* WORK REQUIRED
Word for word, set down every line of the entries below from the line with "Trinken- Sendok Makan" to the line with "Map of Kurdistan", including both, and no other line.

* PROVIDED DATA

****************************************

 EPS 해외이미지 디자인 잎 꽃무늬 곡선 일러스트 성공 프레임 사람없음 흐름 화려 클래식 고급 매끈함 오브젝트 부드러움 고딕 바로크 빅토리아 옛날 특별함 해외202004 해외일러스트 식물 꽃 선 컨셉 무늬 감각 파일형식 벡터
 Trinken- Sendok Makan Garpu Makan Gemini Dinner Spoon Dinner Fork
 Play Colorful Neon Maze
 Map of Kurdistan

****************************************

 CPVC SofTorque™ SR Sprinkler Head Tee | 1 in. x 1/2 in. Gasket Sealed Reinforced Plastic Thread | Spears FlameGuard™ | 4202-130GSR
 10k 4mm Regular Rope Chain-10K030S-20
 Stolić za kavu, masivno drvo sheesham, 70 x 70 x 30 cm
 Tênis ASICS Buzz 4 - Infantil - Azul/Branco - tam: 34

****************************************

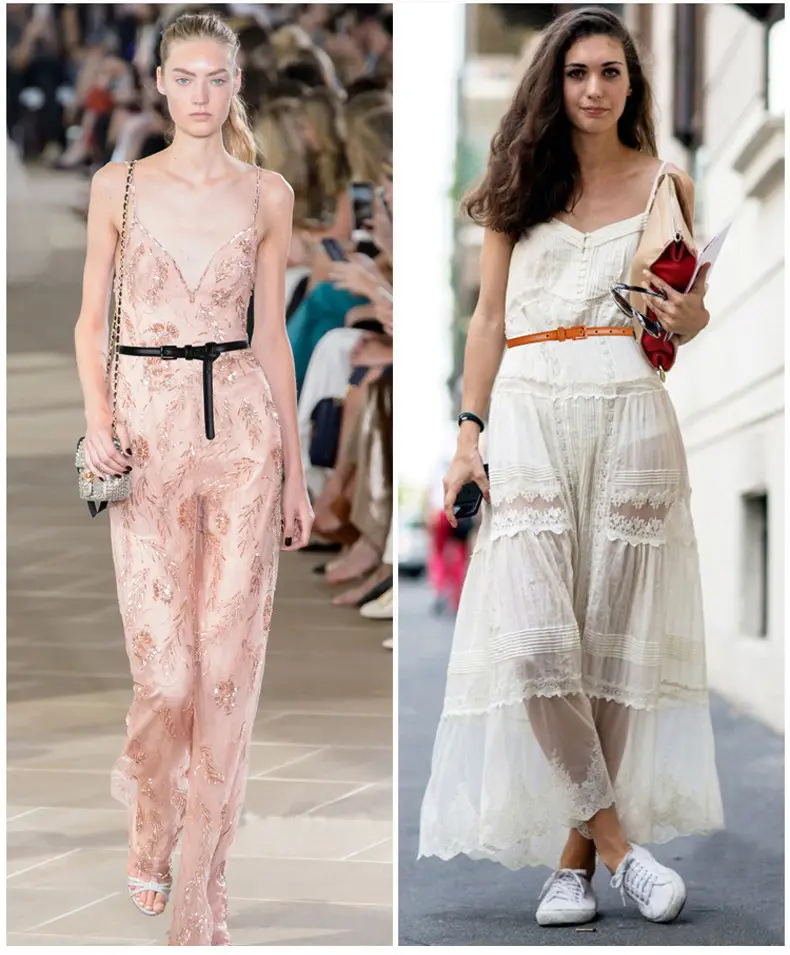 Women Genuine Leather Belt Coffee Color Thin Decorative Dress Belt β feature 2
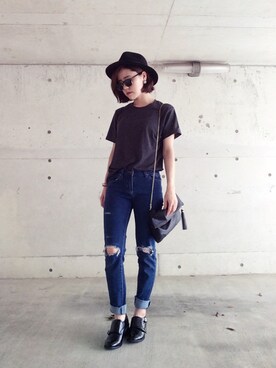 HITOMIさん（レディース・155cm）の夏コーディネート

****************************************

* ANSWER TO THE EXERCISE
 Trinken- Sendok Makan Garpu Makan Gemini Dinner Spoon Dinner Fork
 Play Colorful Neon Maze
 Map of Kurdistan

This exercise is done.